My cancer scare notwithstanding, I do not pretend to have the vaguest idea of what it is like to have gotten a pink slip from life, and I am glad for the ignorance, glad that I have the luxury of skirting that rabbit hole for now.
Still, when I turn the page on another year tonight, I will think of my colleague, of Marcy, of the many good and bad movies I have seen and hope to see more of. I will try to honor each day’s moments, and how precious and mundane and fleeting they are, whether they stop before they can be recorded in the next entry, or go on and on and on.
Exquisite.
Thanks, Lisa. So glad you liked it!
I am with you, honoring every moment. Today I was a very important support for two young people in crisis – a reason, I believe, why I’m still on this earth. Tomorrow, when it quiets down, I will once again reflect on the fact that I’m coming upon my 3 year anniversary with that demon cancer and will hope and pray that I continue onto year 4.

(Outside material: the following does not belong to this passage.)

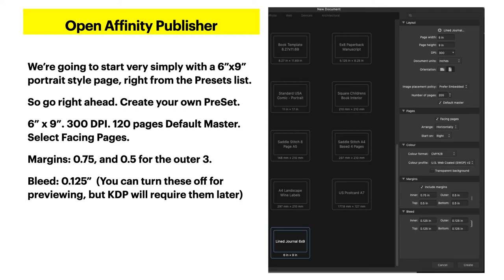Your margins are 0.75 inches for the inner margin and 0.5 inches for the other three — outer, bottom, and top. The bleed is 0.125 inches. You can turn bleed off for previewing, but when exporting a PDF file, KDP will require bleed to be on — so put it on here but just turn it off when you're previewing.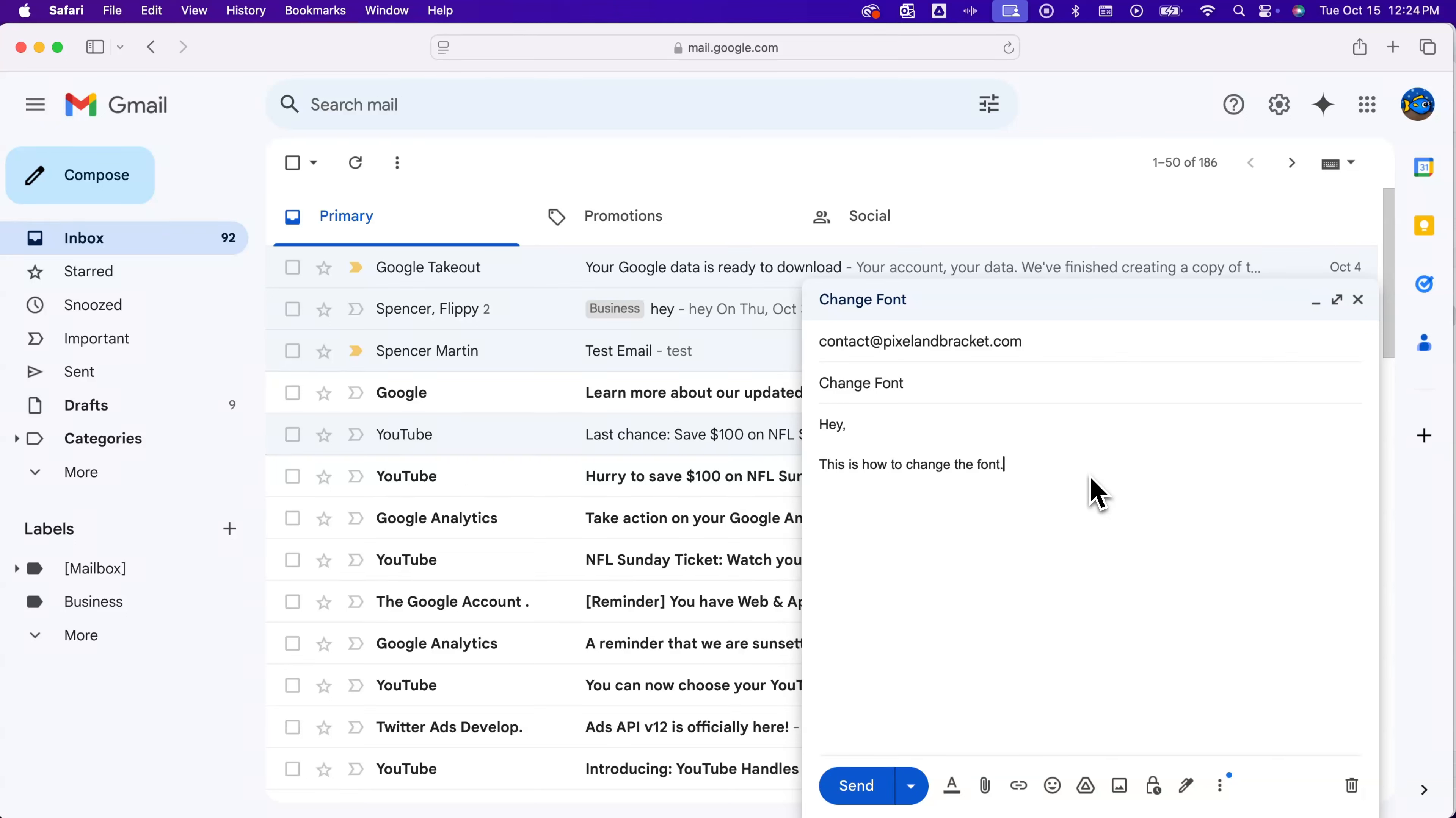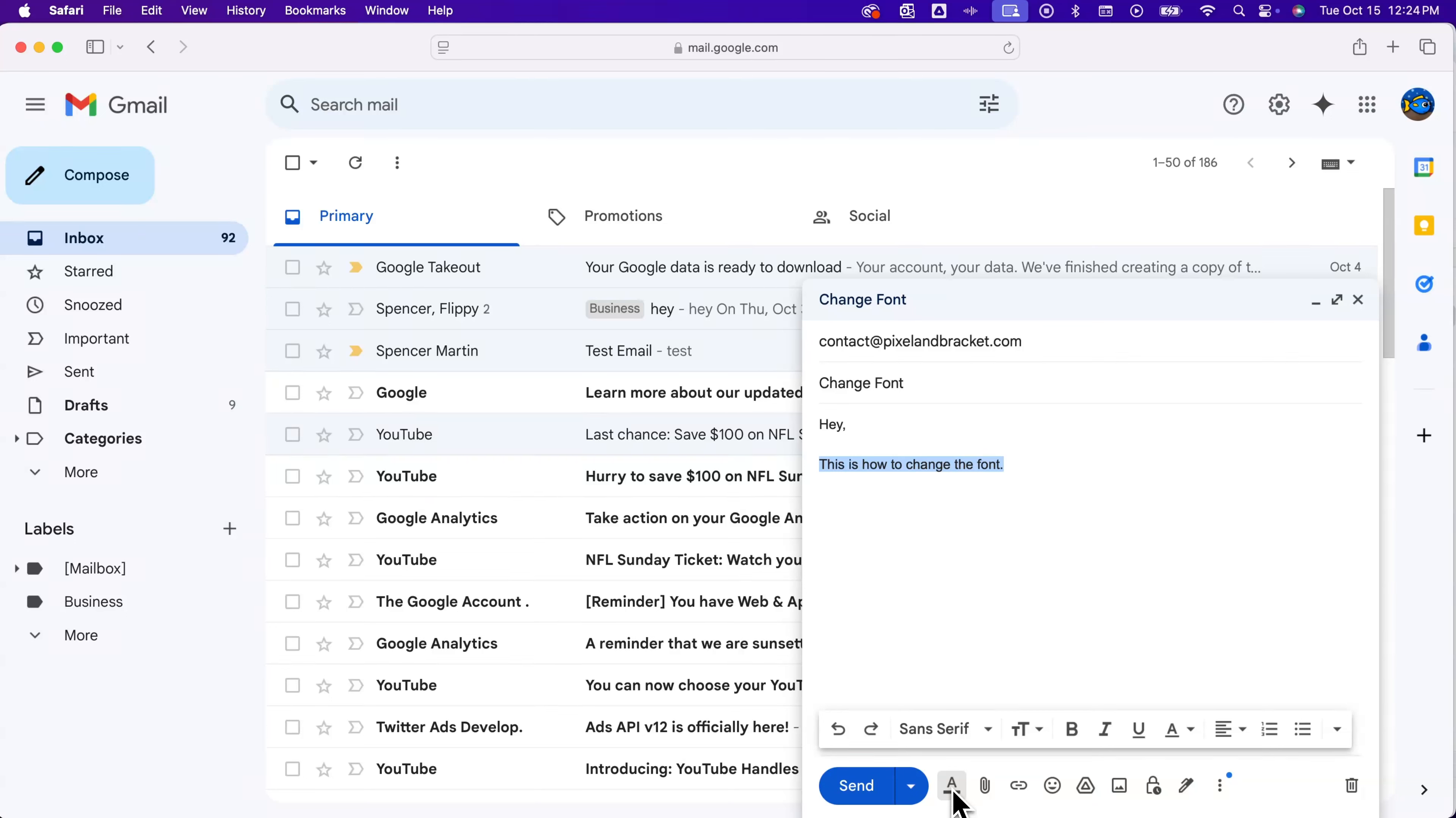Now to do that, we're going to highlight everything or highlight what we want to change and then come down here to the letter A. Inside of there, you have all the formatting options for your text.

I find it daunting that we lose such vital, reflective, energetic people, and most often women, to a disease that seems to target so randomly. Vitality lost, potential gone and relationships extinguished because of our times.
Keep bringing us your stories and heartfelt thoughts.
Beautifully put, Nancy. May you have many more years of giving and receiving support. Thanks for taking the time to write.
Thanks Lorrie for writing this. Its very moving.
Thanks, Nancy. So glad you liked it.